Abby Wahl homeschools her five kids and teaches them to never quit on a bad day.
Jason Barney serves as the Principal of Coram Deo Academy in Carmel, IN. In 2012 he was awarded the Henry Salvatori Prize for Excellence in Teaching from Hillsdale College. He completed his MA in Biblical Exegesis at Wheaton College, where he received The Tenney Award in New Testament Studies. In addition to his administrative responsibilities in vision, philosophy and faculty training, Jason has taught courses in Latin, Humanities, and Senior Thesis from 3rd-12th grades. He has published several books, including A Classical Guide to Narration with the CiRCE Institute and A Short History of Narration with Educational Renaissance. Jason blogs regularly on ancient wisdom for the modern era at www.educationalrenaissance.com.

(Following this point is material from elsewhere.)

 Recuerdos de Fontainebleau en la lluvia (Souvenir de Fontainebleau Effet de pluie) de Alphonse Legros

Scholé Everyday: What We’re Reading
Outdoor Kids in an Outside World, Steven Rinella
Abby is reading this title by a conservationist who encourages healthy outdoor family time for all.

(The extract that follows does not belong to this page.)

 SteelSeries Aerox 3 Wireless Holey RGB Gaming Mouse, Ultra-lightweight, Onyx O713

Redeeming the Six Arts: A Christian Approach to Chinese Classical Education, Brent Pinkall
Turns out people throughout history and cultures have figured out human education by observation and thought.
Range, David Epstein
Jason is reading this title in praise of the generalist, that shows how having a broad range of interests and skills helps develop your ability more than specialization of the “1000 hours” sort.
Are all rewards bad?
The first place we should go as Christians is to Scripture and biblical models. Jesus offers rewards, so they are not all bad. However, the rewards Jesus gives are on a longer time horizon than we’re often comfortable with. Jesus’ rewards for faithful followers is not akin to a mom giving kids candy for doing their chores.
We have to look at what you’re doing for the reward and what rewards you’re giving or desiring.
Natural rewards and natural consequences are vital to education. God has set up the world to operate whereby we reap what we sow.
Rewards can easily be used to manipulate. The common way to use either rewards or punishments controls or undercuts natural rewards or desires.
Rewards cheapen activities
When we have systems in place that overwhelm the student’s imagination or manipulate his attention.
When you place an unnatural reward to an activity that has an inherent reward, you supplant the desire to do the activity for its own sake. It sends the message that we have to be tricked into doing activities that are good for us.
Giving rewards can end up cheapening the activity that is naturally beneficial.
Rewards shape loves
When we offer cheap rewards for work that should be naturally satisfying, we are training the student’s love of personal gain or pleasure, not his love of knowledge or ability. In a way, we’re reinforcing to the student that he’s not intrinsically motivated, and his desire for lesser goods is how he’s to be reached.
Can intrinsic motivation be used?
We use rewards because they do work to manipulate behavior and get the result you want. But we have to look longer term.
Students often don’t have the intrinsic motivation they should have. In fact, it’s inevitable that we all will lack the intrinsic motivation we ought to have. So how do we train it, develop it?
First, don’t let the kids get out of the work. They have to persevere and push through work they don’t like or want to do. This isn’t for all good work, but for work that is truly a duty and for work you’ve determined they do need to do.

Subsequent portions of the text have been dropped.